PARIS, (Reuters) – The French media scorned what it called an insincere and staged TV apology by Dominique Strauss-Kahn for his sexual encounter with a New York hotel maid, with many noting he left the door ajar for a eventual political comeback.
Up to 13.5 million viewers watched TF1’s Sunday news show, the biggest audience since 2005 for a French news broadcast, to see the former presidential hopeful voice “infinite” regret over a liaison he called ill-advised but consensual.
Strauss-Kahn said he regretted his moral error but also decried the way he had been treated as a criminal over a private act he said did not involve force.
“Everything seemed pre-prepared, rehearsed, learned by heart, set up, as if it was pre-recorded,” the left-leaning Liberation daily commented on Monday.
It was the first time Strauss-Kahn spoke at length to TV cameras since the New York sex assault case ended his career as IMF head and wrecked his chances of running in France’s 2012 election, but many found his hand-wringing unconvincing.

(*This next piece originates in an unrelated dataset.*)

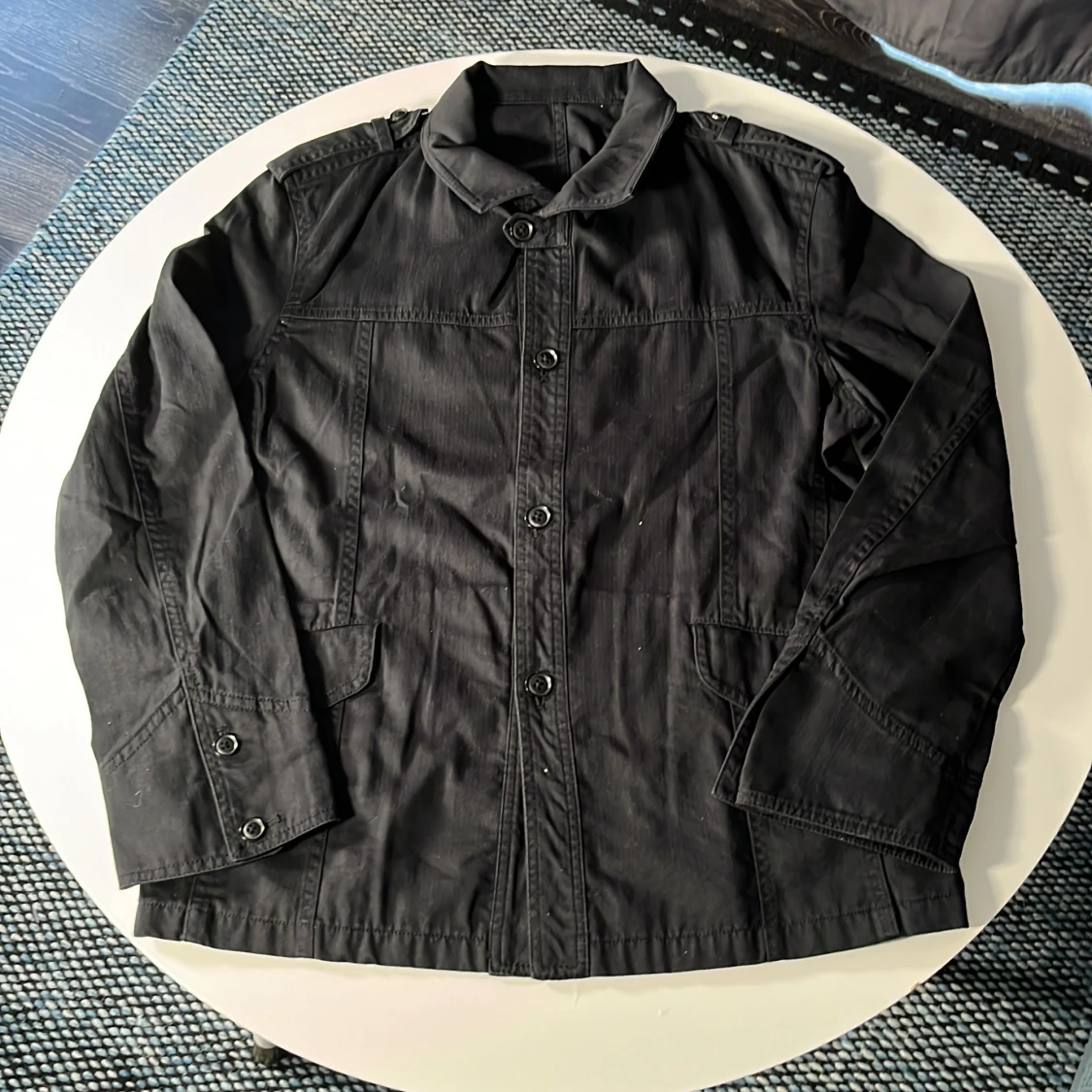 Svart jacka från a.v.v HOMME, stl 46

Dressed in a dark suit and clearly uncomfortable discussing the nine-minute sexual liaison, Strauss-Kahn brandished a copy of the New York prosecutor’s report to stress he had been cleared of using force.
“DSK: A funny kind of mea culpa,” was the headline in the more mainstream daily Le Parisien.
“His Sunday contrition was half-hearted,” editorialist Vicent Giret wrote in Liberation. “When you turned off the TV, you had a furious desire to move on to something else.”
A Paris office worker, who gave his name as Jean-Marie, told Reuters Television: “It didn’t seem very sincere, to be honest. It seemed prepared and a tad hypocritical.”
DETERMINATION PEEKED THROUGH
Strauss-Kahn, widely known by his initials DSK, returned to France earlier this month after prosecutors dropped charges of attempted rape over his encounter with chambermaid Nafissatou Diallo in his luxury Manhattan hotel suite.
The case sparked an international media frenzy, putting an end to the former finance minister’s immediate presidential ambitions and removing an influential voice from the world stage just as the global economic crisis calls for expertise.
Strauss-Kahn, formerly seen as the left’s best chance of unseating the ruling conservative party, told TF1 interviewer Claire Chazal, a friend of his wife Anne Sinclair, he would stay out of the Socialist Party’s 2012 election campaign and would take time to plan his next career move.
But many felt his interview left the door open for a political comback over the long term.
“Beneath the remorse and all the ostensible signs of sincerity, you could already see the determination peeking through,” said right-wing daily Le Figaro in an editorial.
Financial daily Les Echos said that Strauss-Kahn’s brief digression on the subject of the Greek debt crisis was a way of trying to make the public miss his voice on the global crisis.
For the most part, Strauss-Kahn focused on the New York sex scandal, well aware that millions around the world, captivated by the scandal, wanted to hear his version of events.
Strauss-Kahn said he regretted causing pain to his wife and family and said deep reflection over the scandal meant he had lost forever a former “frivolity” in his dealings with women.
Political opponents were scathing in reaction.
“There was absolutely nothing spontaneous in his declarations. The trickery was so blatant that it was all hard to believe,” National Front leader Marine Le Pen.
“It left me with an awful impression,” Pierre Laurent, head of France’s Communist Party told France Info radio. “The whole business leaves a bitter taste with all those men and women who support women’s right to dignity,” he said.
Strauss-Kahn’s confirmation that Socialist Martine Aubry is mainly running in the party primary due to a pact with him that meant either one would run was expected to anger Aubry’s camp.
Analysts said it could give a boost to Aubry’s rival Francois Hollande, who is ahead in polls for the primary.
A handful of commentators felt sympathy overall for the left’s fallen star, however, after he told TF1 he had “lost everything” over the New York hotel maid affair.
“He was honest, sincere, and above all very dignified. It’s not easy to say all that, to admit you’re at fault,” Dominique Wolton, a political communication specialist, told Le Parisien.
Right-leaning daily Le Figaro said only somebody with “a heart of stone” could be left unmoved by his performance. “The man has come a long way and his life has turned into a novel, whatever you might think of the way he behaved,” it said.